You will love this Key Lime Cookie Recipe

My husband absolutely LOVES key lime pie! I have spent hours and years trying to bring Key Lime to the next level. Throughout all my attempts and versions, no bake key lime pie remains at the top of his dessert list. There is just something about the combination of sweet and tart that is absolute perfection. 

So when Crumbl came out with a Key Lime Pie cookie, I KNEW that I had to figure out how to make a perfect copycat! And this my friends is it! 

A perfectly sweet graham cracker cookie topped with a deliciously tart cream cheese/key lime frosting, these cookies will knock your key lime loving socks off every time! 

a giant key lime pie cookie

Key Lime Pie Cookie Ingredients

For The Cookies

  • Butter- You will want to make sure your butter is softened so that it can cream together with the sugar. 
  • Granulated Sugar
  • Brown Sugar- Using both types of sugar creates the perfect chewy texture and will help keep your cookies moist.
  • Eggs
  • Vanilla– A big heaping helping of vanilla gives these cookies a great kick of flavor!
  • Flour- Plain old AP flour.
  • Graham Cracker Crumbs- These are going to give your cookies the perfect graham cracker crust flavor. 
  • Baking Soda
  • Baking Powder
  • Salt- Just a pinch really balances out the sweetness and brings the flavors together. 

For The Frosting

  • Cream Cheese- This recipe uses blocks of cream cheese.
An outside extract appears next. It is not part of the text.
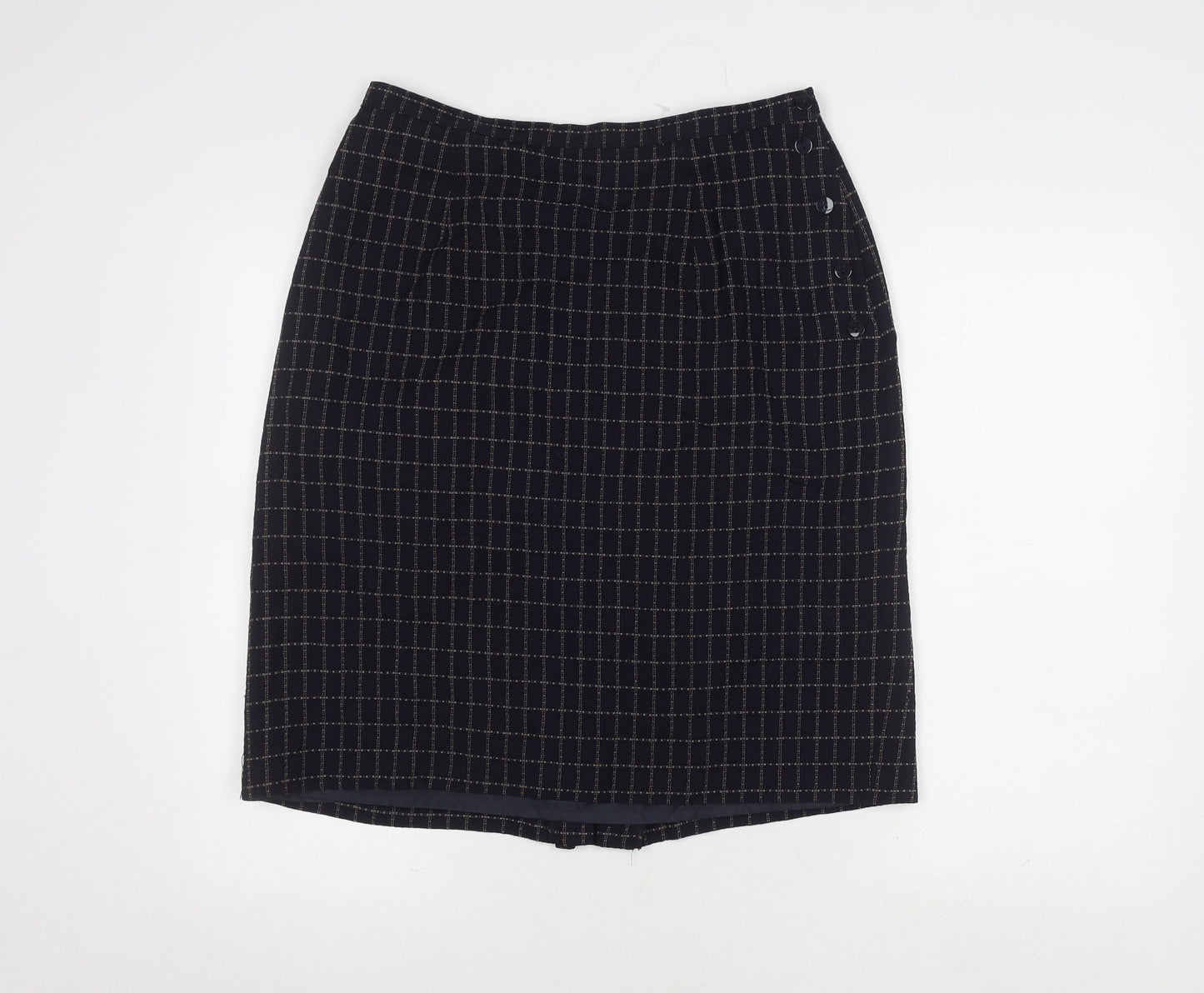 Alexon Women’s Blue Check Pencil Skirt Size 16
Technically you could use the tubs as long as it still equals 16 ounces. 
  • Sweetened Condensed Milk
  • Lime Juice- My favorite brand is Nellie & Joe’s. The flavor is AMAZING! It can be found on the juice isle of most grocery stores. You can use fresh though if you prefer. 
  • Powdered Sugar

For Garnish

  • Whipped Cream- A dollop of whipped cream right on top really adds so much to the overall flavor of the cookie.
  • Lime Slices- This is totally optional but adding a small lime slice makes the final product so adorable!
key Lime pie cookies with a bite taken out of it

How to make this Key Lime Cookie Recipe

  1. Start by preheating the oven to 350 degrees. In a stand mixer or a bowl with a hand mixer, cream together the butter and sugar. Add the eggs and vanilla and mix again until light and slightly fluffy.
  2. Add the flour, graham cracker crumbs, baking powder, baking soda and salt and mix again until the dough just comes together. The dough will be a very dry dough, you’ll have to pack it together for it to stick together.
  3. Portion the dough into 12 1/2 cup pieces of dough. Roll each portion into a ball and place 6 balls onto a cookie sheet. Press down on each dough ball and flatten them just a bit. 
  4. Bake for 12-15 minutes until the cookies start to brown slightly. 
  5. Right after you take the cookies out of the oven, use the bottom of a cup, gently press down on the center of the cookie creating an indentation for the pie filling. Allow the cookies to cool completely.
  6. While the cookies are cooling, make the filling by beating the cream cheese until smooth. Add the sweetened condensed milk and mix again until thoroughly combined. 
  7. Finally add the powdered sugar and lime juice. Remember, you can always add more powdered sugar or more lime juice to get your desired tanginess. 
  8. When your filling is finished and your cookies are completely cooled, scoop the filling into the center of each cookie and spread. 
  9. Cool the cookies in the fridge and top with whipped cream and a fresh lime slice right before serving. 
key lime pie cookies on a cooling rack

How to store Key Lime Cookies

These cookies need to be stored in the the fridge. They do freeze well, if you want them to last longer! They will stay fresh in the fridge for up to one week and can be frozen for 2 months. 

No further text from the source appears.